Drug addicts stage mass breakout in Vietnam

More than 400 people break free in country where UN has recommended drug rehabilitation centres be closed.

The government enforces compulsory treatment for the country's estimated 140,000 drug addicts [Reuters]

More than 400 Vietnamese drug addicts have escaped from a rehabilitation centre where they had been detained so that they could receive compulsory treatment, a local official said.

The detainees, many wielding sticks, broke free from the centre near the port city of Haiphong in northeast Vietnam late on Sunday.

“More than 400 inmates fled after breaking the door and threatened the guards of the centre with sticks,” Nguyen Huy Hoang, an official from Thuy Nguyen district – where the centre is located – told the AFP news agency.

US-based Human Rights Watch has denounced the conditions in Vietnam’s rehabilitation centres and a UN expert has recommended they be closed.

HRW says the treatment centres are “forced labour camps” where inmates do not receive proper healthcare and are often subjected to physical violence.

Police found some of the addicts back at their homes, while about 30 others voluntarily returned to the treatment centre.

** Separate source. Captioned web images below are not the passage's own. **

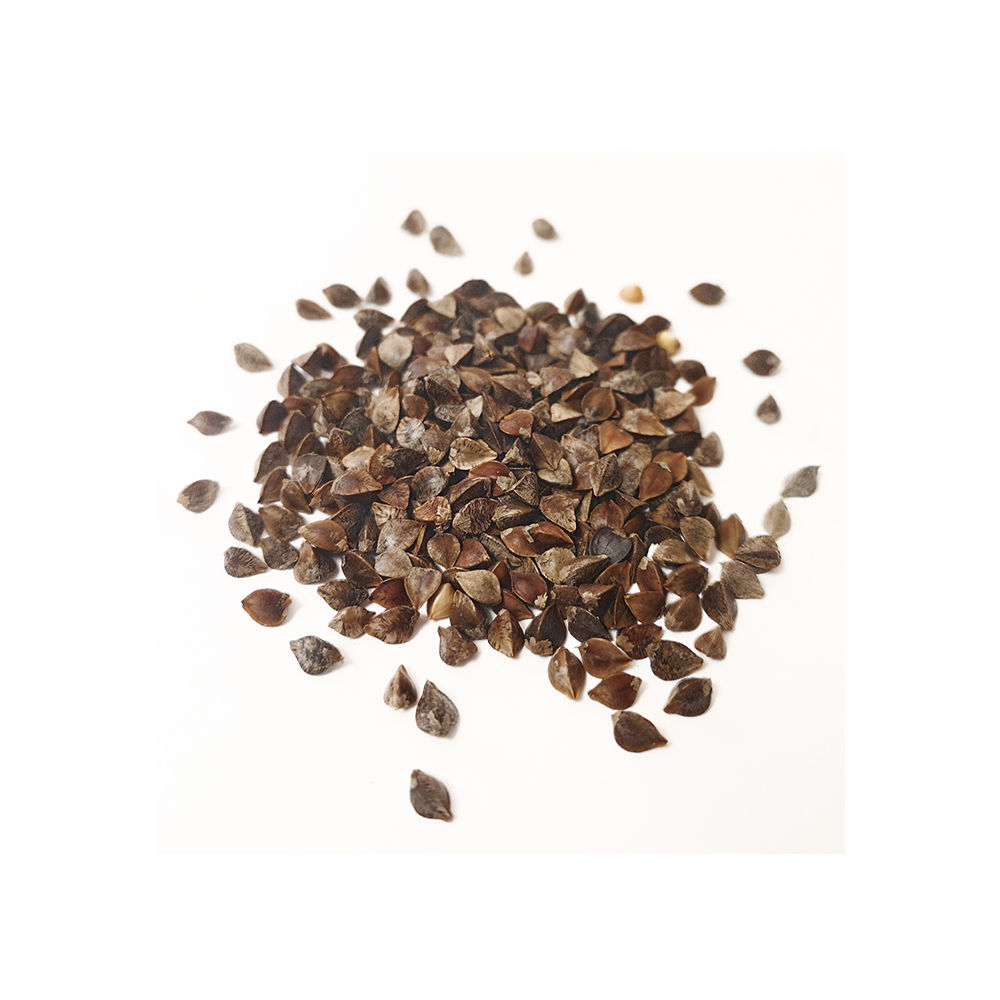 Buckwheat Seeds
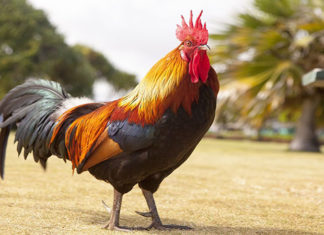 Ritual Rooster: An Essential Guide to Proper Consecration and Abundance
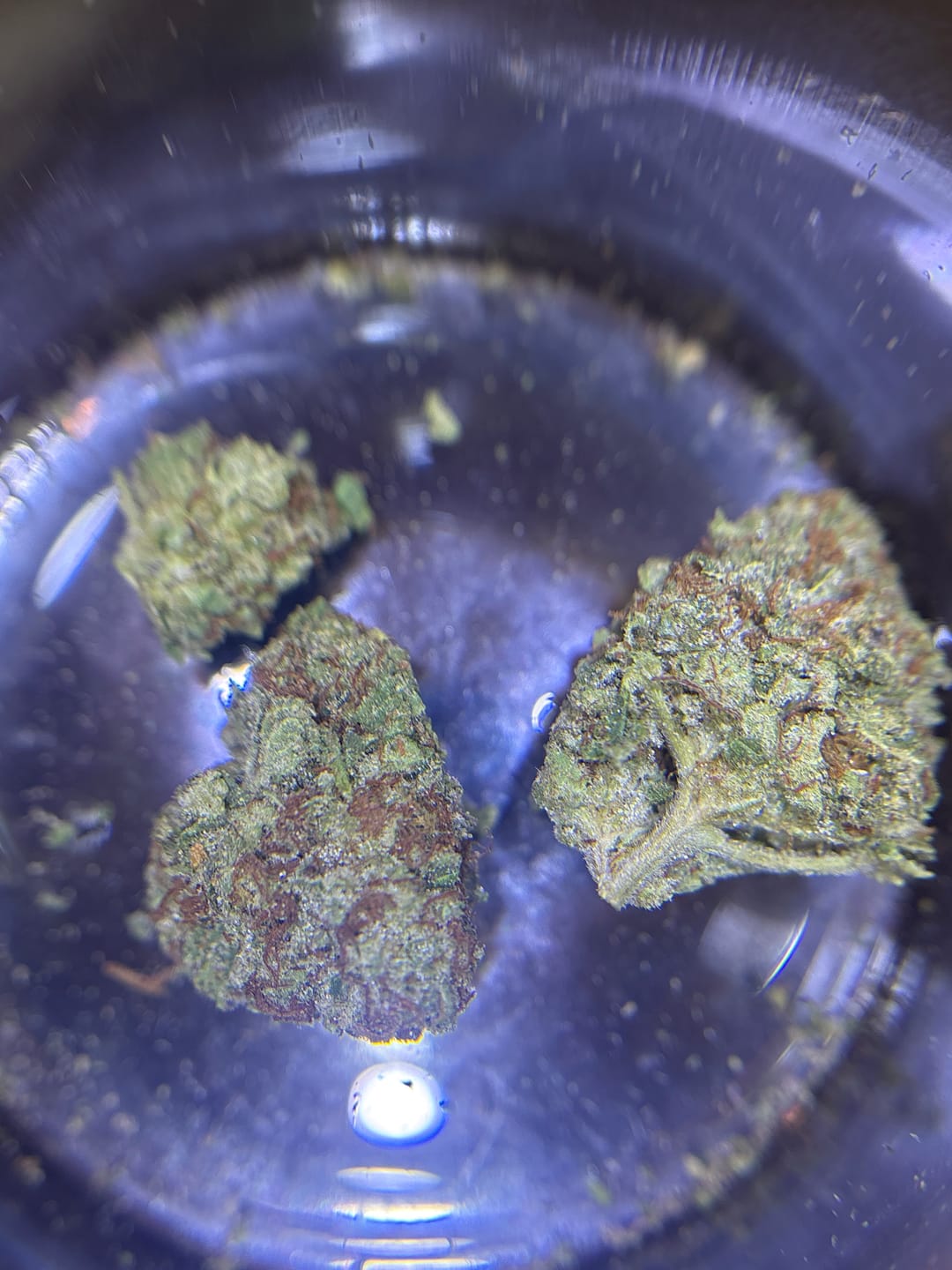 Customer photo review of THCA Queen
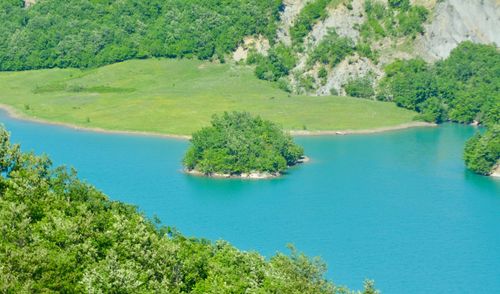 High angle view of lake amidst trees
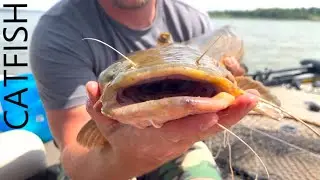 JUG FISHING for FLATHEAD CATFISH! CRAWFISH for BAIT!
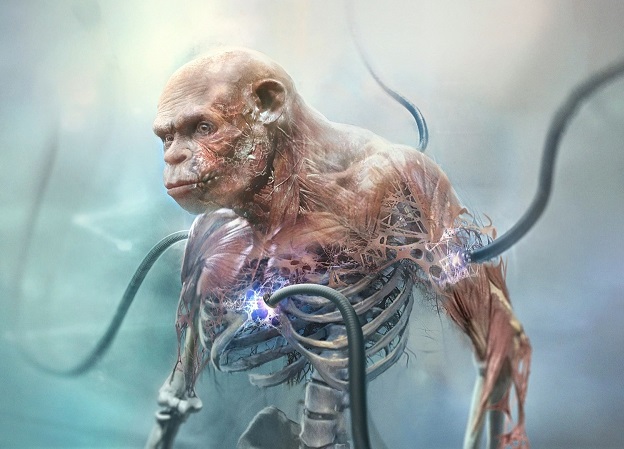 Новые подробности Beyond Good and Evil 2: раса обезьян-рабов, детали сюжета и носорог-растаман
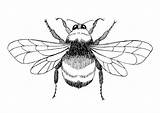Bee Coloring Bumblebee Outline Bumble Drawing Clipart Bees Clip Line Pages Queen Scientific Patterns Pyrography Getdrawings Library Designs Edupics Honey sketch template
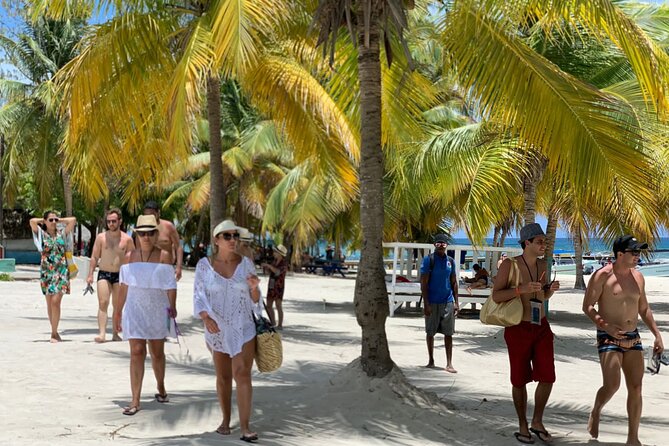 Full Day Tour to Isla Saona and Altos De Chavon - Good To Know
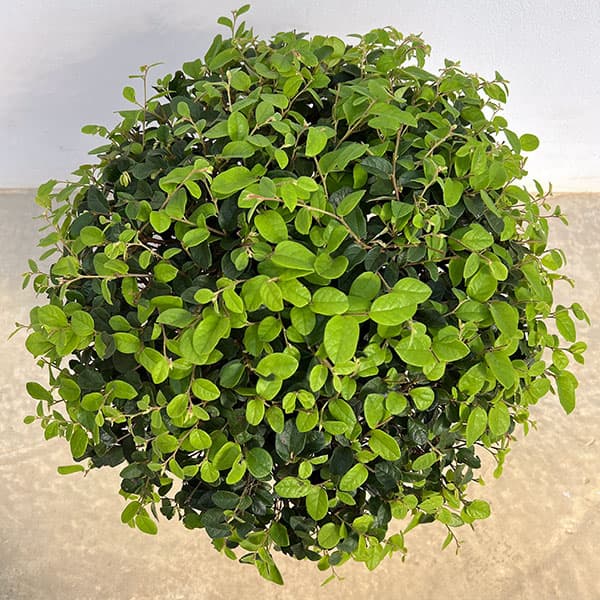 トキワマンサク:白花青葉  玉仕立て8号ポット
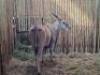1 X ELAND M:1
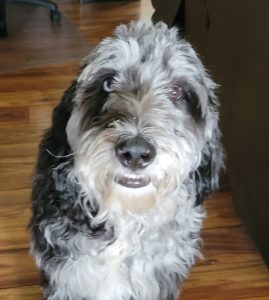 Puppers enjoying Traverse City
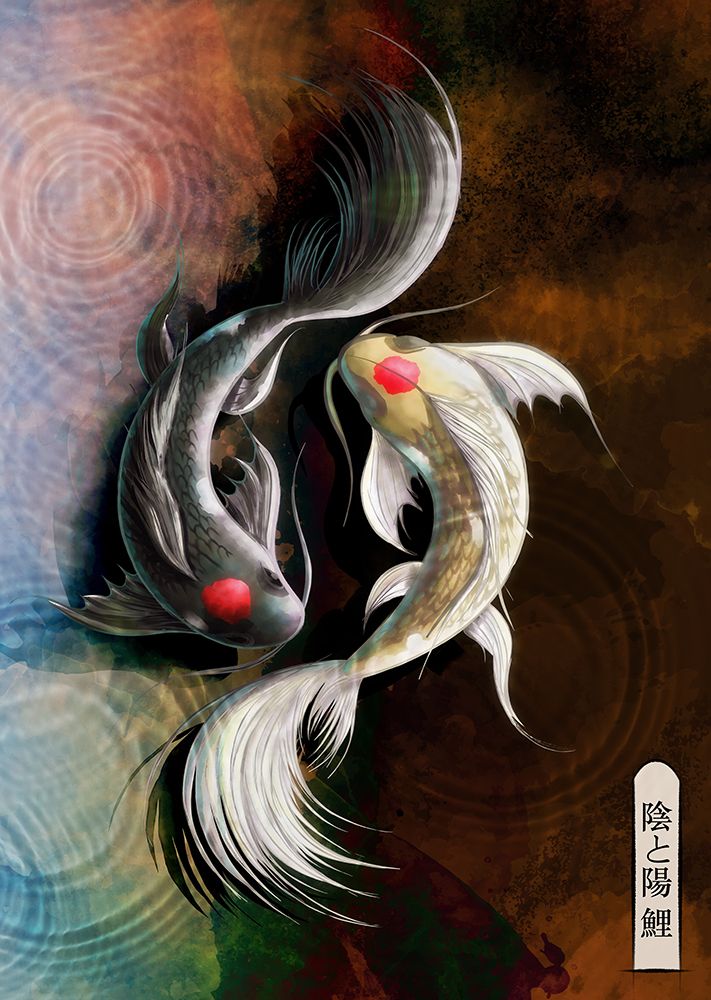 Dark Koi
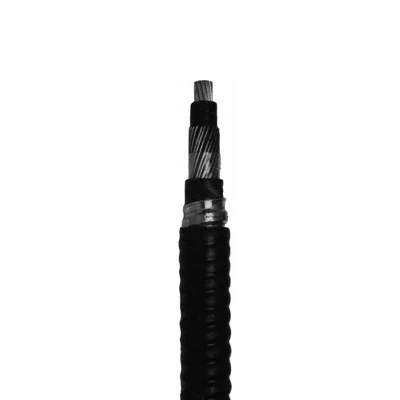Teck90 Câble blindé unique CSA Type CSA HL 1000V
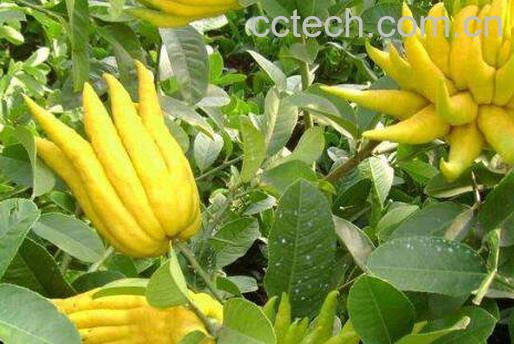 新鲜的佛手柑怎么吃 佛手柑的食用方法-0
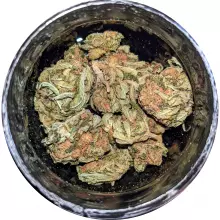 Noidecs T5:C7 Balanced Kush Medical Cannabis Flower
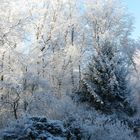 Winterimpressionen - pur & ehrlich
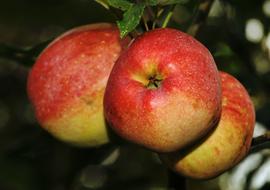 fresh fruit of the apple on the tree
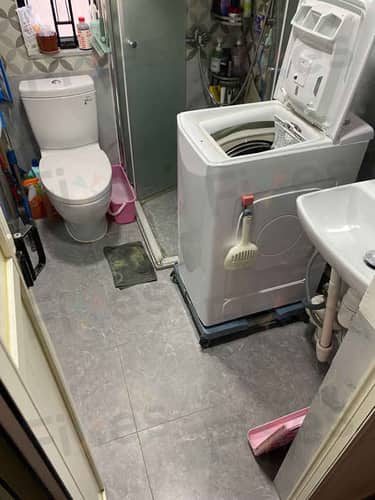 相關相片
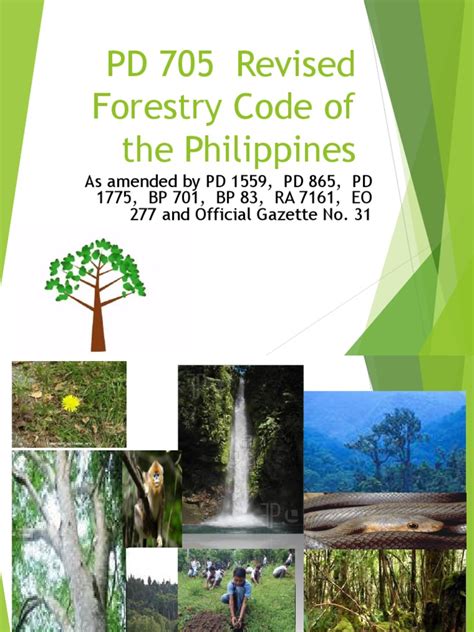 PD 705 (REVISED FORESTRY CODE) PD 705 .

“The police are searching for those who are still at large,” in Haiphong, the third largest city in Vietnam, Hoang added.

Previous breakouts

The communist government enforces the compulsory treatment programme for the country’s estimated 140,000 drug addicts.

Addicts must undergo two-year spells of “rehabilitation” in what the government describes as an effort to bring down rising rates of drug use, especially among young people.

The treatment period at the Gia Minh centre, where the breakout took place, was recently extended to three years, Hoang said.

The centre has also reduced the amount of money spent on food, prompting complaints from the addicts, he added.

In May 2010 and April 2012, detainees at similar addiction treatment centres in Haiphong also staged breakouts.

Addicts are mostly forced to report to the centres by their family or local authorities, but they are not considered criminals.